Another problem that I ran into was deciding how to do the statistical calculations necessary to evaluate what is and what isn’t an outlier. The language that would be most relevant to do this on the front-end is JavaScript. However, JavaScript is not equipped to do mathematical tasks such as regression analysis. Furthermore, even if it were, it would necessitate “reinventing the wheel” of richer languages with an extensive history with statistics such as Python and R. I settled on R because this was the statistical language I was most familiar with.
A minor potential problem that one might consider is whether the code is publicly accessible.
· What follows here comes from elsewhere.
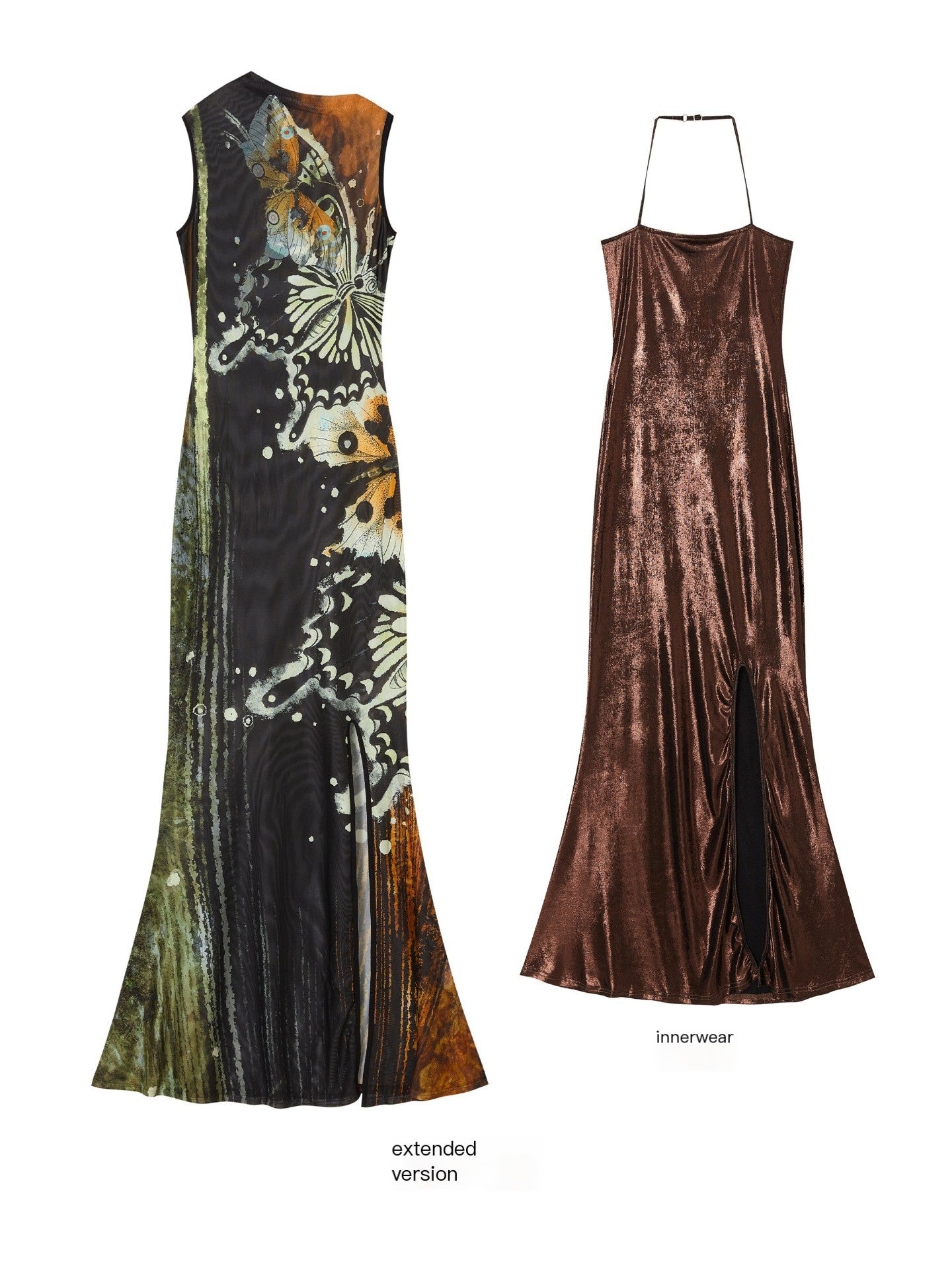 OfAkiva_High_Waist_Sleeveless_Printed_A_Line_Hanfu_Inspired_Women_Maxi_Dresses_MISSTT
Whilst JavaScript, HTML and CSS in the browser extension are publicly accessible, the statistical language R is hidden from public sight, which makes it less likely for counterfeiters to “game the system”. And even if it were publicly accessible, it’s unlikely it would cause much difference because counterfeiters would have to price their item close to that of the original item which substantially weakens one of the ways counterfeiters try to lure their victims.
Accomplishments that we're proud of
I’m actually proud that I have been able to use outlier analysis in a real-world context. As someone from an economics background, outlier analysis is not a tool that is used often except in rare situations where the data might need to be cleansed.
What we learned
I really liked how I learned just how much counterfeiting affects the US and world economy. I was also glad to learn about the various ways Amazon confronts the problem of counterfeiting. I have also developed an interest in following counterfeiting stories – as someone from London, I recently read that a series of shops on Oxford Street were targeted in a raid based on their distribution of counterfeit goods.
What's next for Beagle:An extension that alerts you of possible counterfeits
One of the next steps would be to work with CINA to see if the browser extension has potential. If it does have potential, it would also be good to develop a means by which it can interact with mobile phones, as browsers on mobile phones do not typically have or permit extensions.